→ About this exercise:
The copy must run from the line containing "Bread 10.24kwh 51.2v" through the final line of the records, both included, exactly as written. It should contain no pictures.

→ Dataset records:
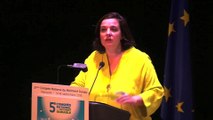 Discours d’Emmanuelle Cosse lors du 5ème Congrès du bâtiment durable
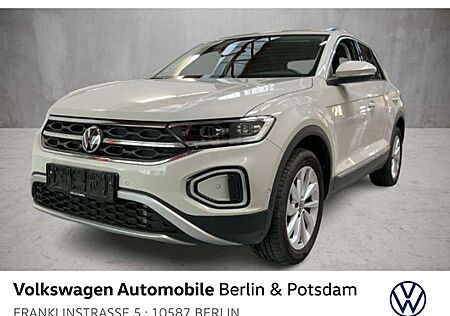 VW T-Roc Volkswagen 1.5 TSI DSG Style Kamera LED SHZG el.Heckk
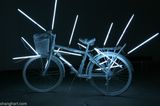 Electricity Controls Shanghai by Shi Qing contemporary artwork installation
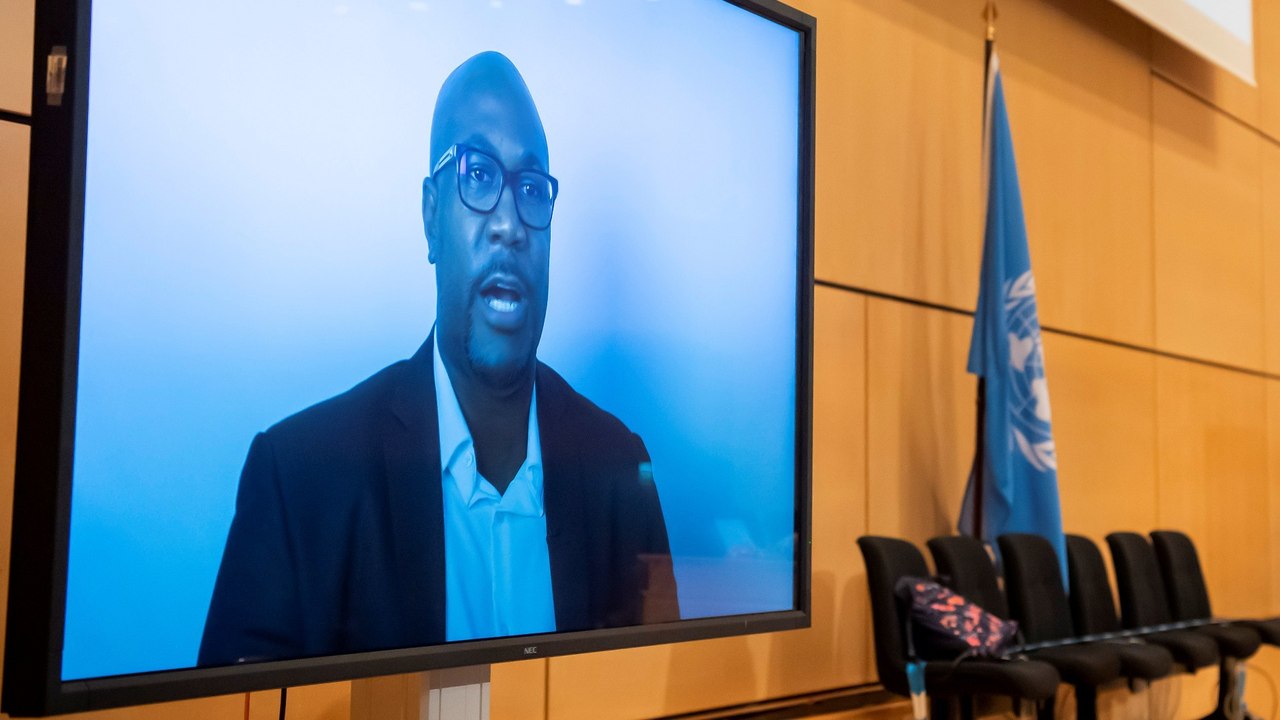 US police brutality: George Floyd's brother addresses UN meeting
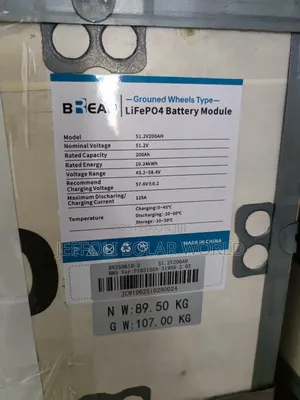 Bread 10.24kwh 51.2v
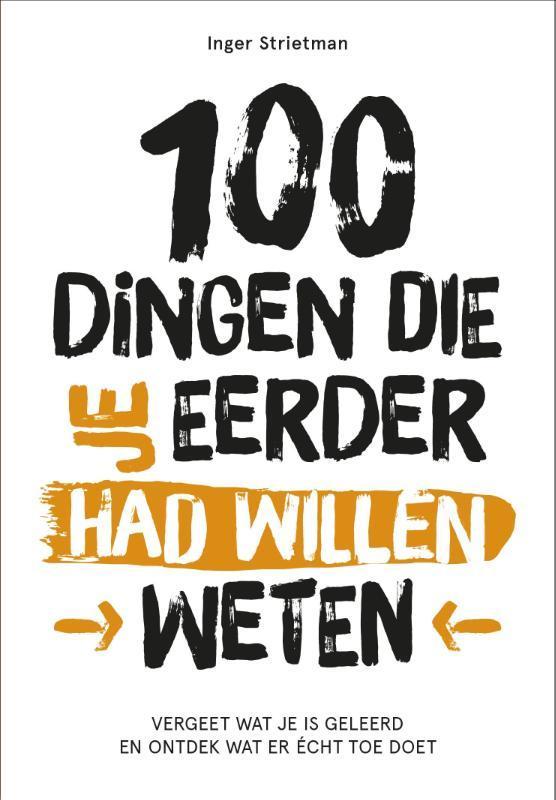 100 dingen die je eerder had willen weten 9789043927536, Boeken, Gezondheid, Dieet en Voeding, Zo goed als nieuw, Verzenden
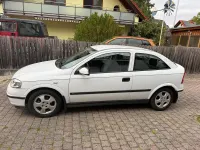 Gebraucht Opel Astra Edition 75 PS (55 kW) 1999 Weiß Coupé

→ Task answer:
 Bread 10.24kwh 51.2v
 100 dingen die je eerder had willen weten 9789043927536, Boeken, Gezondheid, Dieet en Voeding, Zo goed als nieuw, Verzenden
 Gebraucht Opel Astra Edition 75 PS (55 kW) 1999 Weiß Coupé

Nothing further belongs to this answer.